Gitte Villesen, Ingeborg The Busker Queen, 1999
Bringing together simple and unpretentious imagery, Gitte Villesen's video works
are narratives on everyday life and the personal and social background of various
persons from her circle of friends and acquaintainces. The videos never violate
the personal integrity or dignity of those portrayed. On the contrary, they document
the individual appeal of persons who are capable of counteracting the structured
demands of everyday life by playfully living out their fantasies.

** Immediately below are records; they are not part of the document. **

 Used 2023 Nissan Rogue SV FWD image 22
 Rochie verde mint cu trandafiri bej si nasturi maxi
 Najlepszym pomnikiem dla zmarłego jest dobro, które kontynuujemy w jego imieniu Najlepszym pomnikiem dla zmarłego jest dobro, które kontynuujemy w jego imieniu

Gitte Villesen, Kathrin Makes Them and Bent Collects Them,
1999
She created most of the videos in her home town Ansager and in Copenhagen where
Gitte Villesen lives and works. Her actors are always acquaintances or friends
whom the artist portrays in a reserved and perceptive way. Their views of life,
personal reminiscences and feelings are the theme of these videos. In her most
recent pieces Villesen is showing in the exhibition at the Secession, Kathrine,
Bent, Ingeborg and Soren Welling. Kathrine makes lace and Bent collects it. Ingeborg
seems to be obsessed with curios and strange natural phenomena. The meanwhile
deceased Soren Welling created his own little world in his small-town museum.

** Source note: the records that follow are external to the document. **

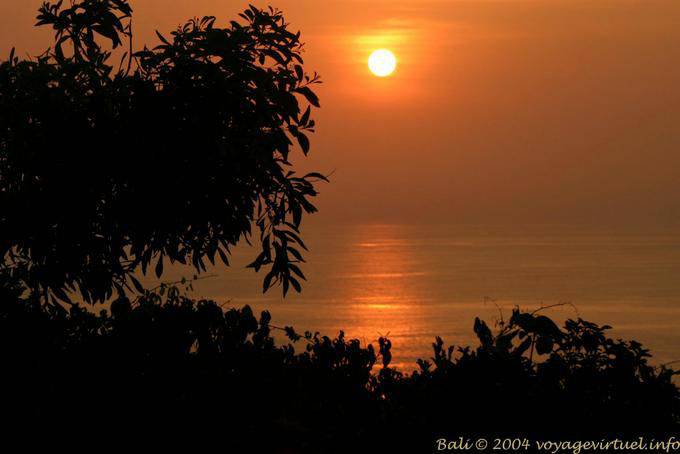 Sole nel tramonto sull'oceano Uluwatu - Bali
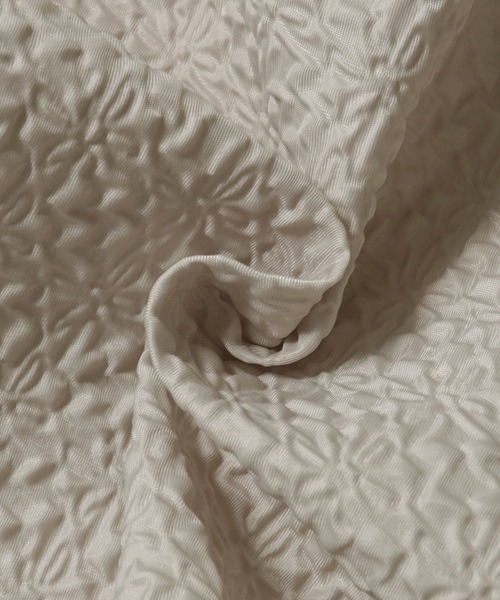 coca(coca)(コカ)の「エンボスブラウス(シャツ/ブラウス・レディース・ライトベージュ/ブラック・M/L)」の22枚目の写真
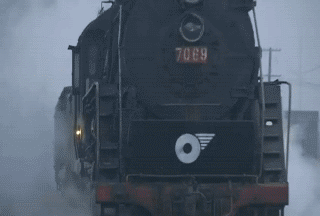 裤衩子外露，诱惑尼姑装，这些毁三观的操作，导演怕是个猪脑子吧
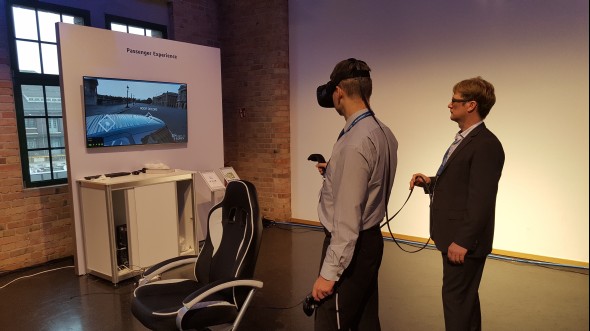 Virtuální realitu s brýlemi Vive od HTC si již mohli vyzkoušet i účastníci konference 3D Experience Forum 2016, která se uskutečnila v Berlíně v loni na podzim. Foto: Michael Damböck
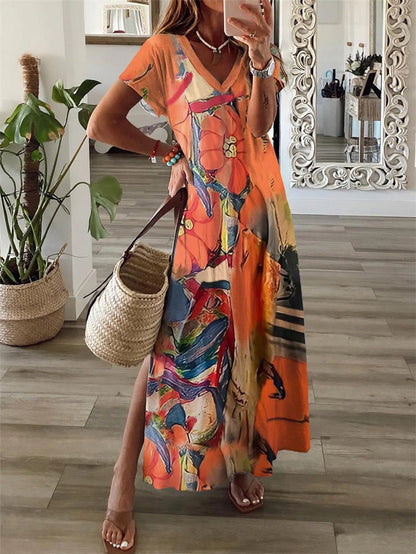 Beautifully Finished Dress in a Timeless Design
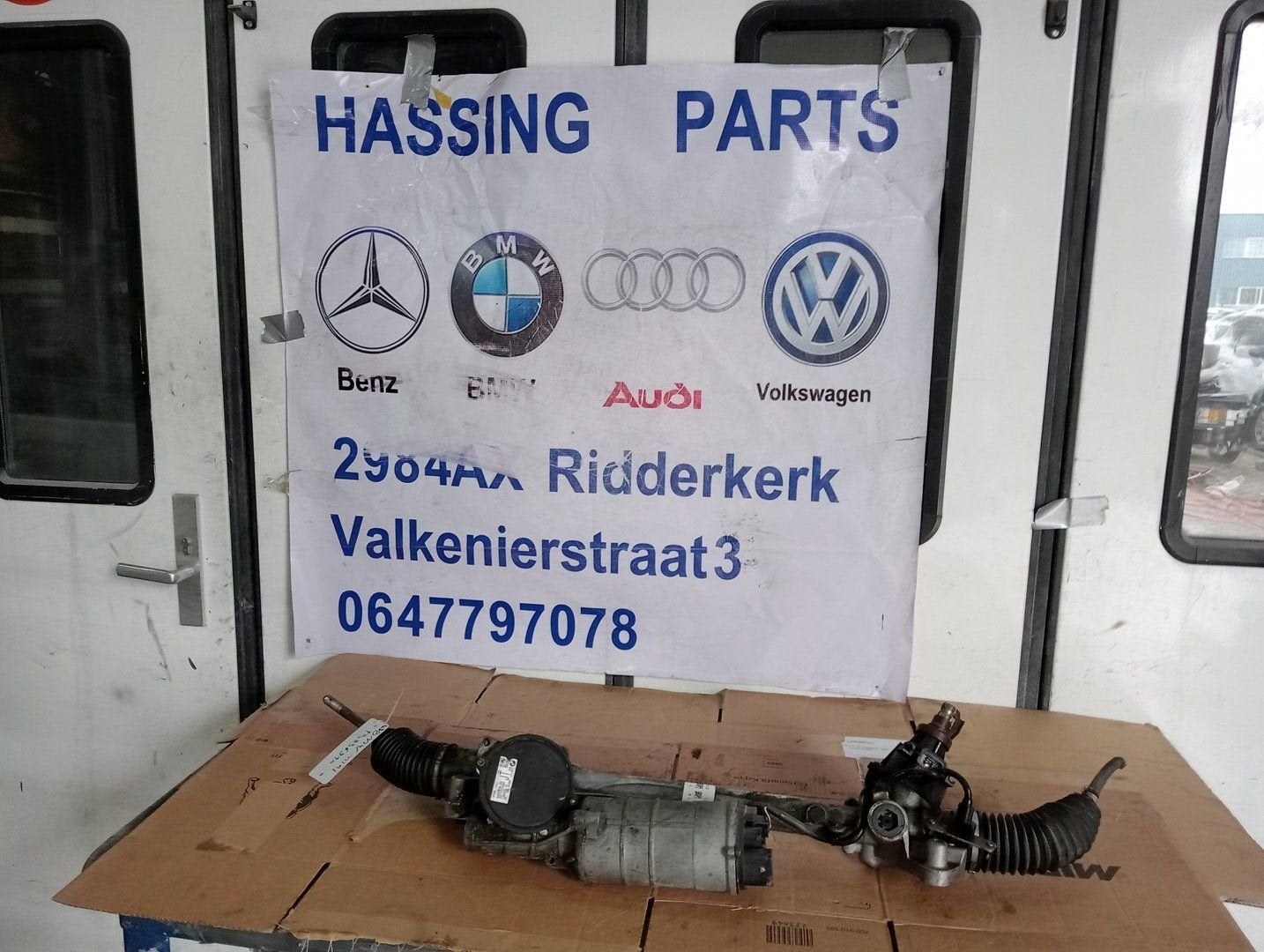 Stuurbekrachtigingshuis met artikelnummer 13836910 BMW 3 ser, Gebruikt, -, -, Ophalen of Verzenden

It is an almost complete reconstruction of a small Danish town with a church,
school, theater, traditional furnishings - everything that added up to a rural
town at the end of the last century. The actors share a love for the Danish province
which has something idiosyncratic and immediate about it. This is not just underscored
by the simple low-tech form of the video presentation but also by Gitte Villesen
herself. She is always present in the video works as a detached observer and camera
woman. While her remarks, with which she encourages the actors to say something
about their passions do not determine the course of events they do point them
in a certain direction.
PUBLICATION
The artist used this exhibition at the Secession as an occasion to produce her
first comprehensive publication on her work from the last years. Gitte Villesen
wrote a text to accompany all her pieces in which she describes her encounters
with people and the conditions in which these encounters took place. In another
longer text the Danish author Sanne Kofod Olsen addresses the idea of the "local"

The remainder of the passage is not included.